Boyle continued with SFX after it was purchased by Clear Channel Entertainment and is now retired. L'Hommedieu managed the Warner Theatre (Washington, D.C.) during the 1980s.

==Later tenants==
When the Cellar Door ceased operating, a comedy club was announced as the next tenant. However, mayor Marion Barry learned that Mafia money was involved, and decided not to grant a liquor license. A few years later, Cafe Seynabou, a restaurant featuring the cuisine of Senegal, opened at the site, but it closed within 24 months. It stayed vacant for quite some time after that. It eventually hosted the Philadelphia Cheesesteak Factory until May 2009, then Capriotti's Sandwich Shop in 2014.

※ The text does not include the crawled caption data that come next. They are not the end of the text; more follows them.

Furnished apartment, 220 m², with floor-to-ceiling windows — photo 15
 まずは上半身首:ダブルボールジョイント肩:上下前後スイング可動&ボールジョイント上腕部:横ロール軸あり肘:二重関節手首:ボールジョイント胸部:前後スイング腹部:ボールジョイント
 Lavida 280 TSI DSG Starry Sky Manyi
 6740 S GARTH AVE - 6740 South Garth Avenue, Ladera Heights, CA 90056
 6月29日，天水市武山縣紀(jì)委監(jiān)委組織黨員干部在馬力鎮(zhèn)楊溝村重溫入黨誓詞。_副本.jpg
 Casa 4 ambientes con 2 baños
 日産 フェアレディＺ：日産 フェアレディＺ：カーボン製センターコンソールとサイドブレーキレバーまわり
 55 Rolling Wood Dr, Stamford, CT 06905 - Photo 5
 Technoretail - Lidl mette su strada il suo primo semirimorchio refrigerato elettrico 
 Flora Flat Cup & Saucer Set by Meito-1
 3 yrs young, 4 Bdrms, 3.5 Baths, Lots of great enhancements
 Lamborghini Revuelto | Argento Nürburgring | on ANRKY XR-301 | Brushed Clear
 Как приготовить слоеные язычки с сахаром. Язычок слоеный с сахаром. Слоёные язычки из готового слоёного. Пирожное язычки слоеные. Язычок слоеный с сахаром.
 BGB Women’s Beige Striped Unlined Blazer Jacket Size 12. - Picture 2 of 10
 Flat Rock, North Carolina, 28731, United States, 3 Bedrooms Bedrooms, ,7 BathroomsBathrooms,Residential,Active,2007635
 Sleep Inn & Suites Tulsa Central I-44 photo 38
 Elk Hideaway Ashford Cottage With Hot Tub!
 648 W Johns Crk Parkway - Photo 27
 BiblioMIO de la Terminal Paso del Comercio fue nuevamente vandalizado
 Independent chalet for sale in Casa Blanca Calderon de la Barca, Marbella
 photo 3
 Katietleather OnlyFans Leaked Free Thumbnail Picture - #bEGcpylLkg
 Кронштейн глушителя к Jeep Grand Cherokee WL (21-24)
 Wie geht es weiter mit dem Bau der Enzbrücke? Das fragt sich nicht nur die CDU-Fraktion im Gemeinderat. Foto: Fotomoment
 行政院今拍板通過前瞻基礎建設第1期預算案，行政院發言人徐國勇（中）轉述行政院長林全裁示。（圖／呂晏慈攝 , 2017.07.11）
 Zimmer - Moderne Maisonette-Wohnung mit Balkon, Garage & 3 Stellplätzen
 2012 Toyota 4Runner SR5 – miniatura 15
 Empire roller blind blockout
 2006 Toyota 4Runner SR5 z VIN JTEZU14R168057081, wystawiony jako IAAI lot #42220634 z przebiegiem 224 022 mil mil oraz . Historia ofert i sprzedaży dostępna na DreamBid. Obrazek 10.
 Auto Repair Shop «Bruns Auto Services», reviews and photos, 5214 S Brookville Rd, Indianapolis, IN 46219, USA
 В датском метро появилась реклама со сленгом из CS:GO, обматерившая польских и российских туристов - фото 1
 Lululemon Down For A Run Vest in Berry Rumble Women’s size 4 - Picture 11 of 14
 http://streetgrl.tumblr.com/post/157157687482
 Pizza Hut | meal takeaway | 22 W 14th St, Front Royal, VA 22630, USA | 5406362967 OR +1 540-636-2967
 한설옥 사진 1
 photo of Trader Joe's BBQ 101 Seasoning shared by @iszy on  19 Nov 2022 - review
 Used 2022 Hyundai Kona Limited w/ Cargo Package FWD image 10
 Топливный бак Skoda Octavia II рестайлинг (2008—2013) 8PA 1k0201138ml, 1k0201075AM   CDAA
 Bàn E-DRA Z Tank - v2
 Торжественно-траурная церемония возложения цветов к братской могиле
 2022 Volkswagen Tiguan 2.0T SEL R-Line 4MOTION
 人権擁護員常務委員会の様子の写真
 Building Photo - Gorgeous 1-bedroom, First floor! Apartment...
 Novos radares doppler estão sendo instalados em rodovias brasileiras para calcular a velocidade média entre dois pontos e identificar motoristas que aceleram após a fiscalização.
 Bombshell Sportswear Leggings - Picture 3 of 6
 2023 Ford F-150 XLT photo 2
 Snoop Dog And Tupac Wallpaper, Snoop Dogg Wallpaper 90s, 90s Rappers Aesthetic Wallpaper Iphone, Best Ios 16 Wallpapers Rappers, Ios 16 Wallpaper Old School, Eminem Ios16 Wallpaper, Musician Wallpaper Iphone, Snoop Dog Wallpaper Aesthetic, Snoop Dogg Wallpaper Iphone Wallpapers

In 2017, Starbucks announced plans to take over the vacant 2,600-square-foot space. Alec Berkman, BISNOW national contributor reported on July 17, 2017 that before its summer break, in June, the Georgetown-Burleith Advisory Neighborhood Commission approved design plans for a Starbucks store. The commission was initially opposed to Starbucks’ signage. However, its opposition was reversed when Starbucks corporate gave a commitment to honor the Cellar Door by exhibiting photos of the many entertainment acts that appeared at the venue over its years of operation at the historic location.

Starbucks permanently closed the historic Georgetown Cellar Door site on September 27th, 2025. The abrupt shutdown was part of a nation-wide restructuring and corporate downsizing that impacted multiple metropolitan Washington, D.C. area stores. The Georgetown store employees and managers were given two days’ notice that they would no longer work at the location. Some were offered an opportunity to transfer to another Starbucks location while others were offered severance pay and laid off immediately.